→ **Directions for this task**
Return all lines from the listing below in which "Toyota" appears.

→ **Source records**
>>>

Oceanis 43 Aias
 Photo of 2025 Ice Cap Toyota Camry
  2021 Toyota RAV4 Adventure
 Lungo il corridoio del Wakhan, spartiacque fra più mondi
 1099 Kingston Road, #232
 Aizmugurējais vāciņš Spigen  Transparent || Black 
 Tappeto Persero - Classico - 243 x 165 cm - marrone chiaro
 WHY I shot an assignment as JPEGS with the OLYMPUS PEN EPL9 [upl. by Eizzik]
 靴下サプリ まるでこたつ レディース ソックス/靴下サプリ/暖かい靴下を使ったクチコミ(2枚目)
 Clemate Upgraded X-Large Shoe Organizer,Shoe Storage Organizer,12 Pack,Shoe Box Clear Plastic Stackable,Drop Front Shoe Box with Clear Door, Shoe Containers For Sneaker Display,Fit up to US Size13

<<<

→ **Response box**
 Photo of 2025 Ice Cap Toyota Camry
  2021 Toyota RAV4 Adventure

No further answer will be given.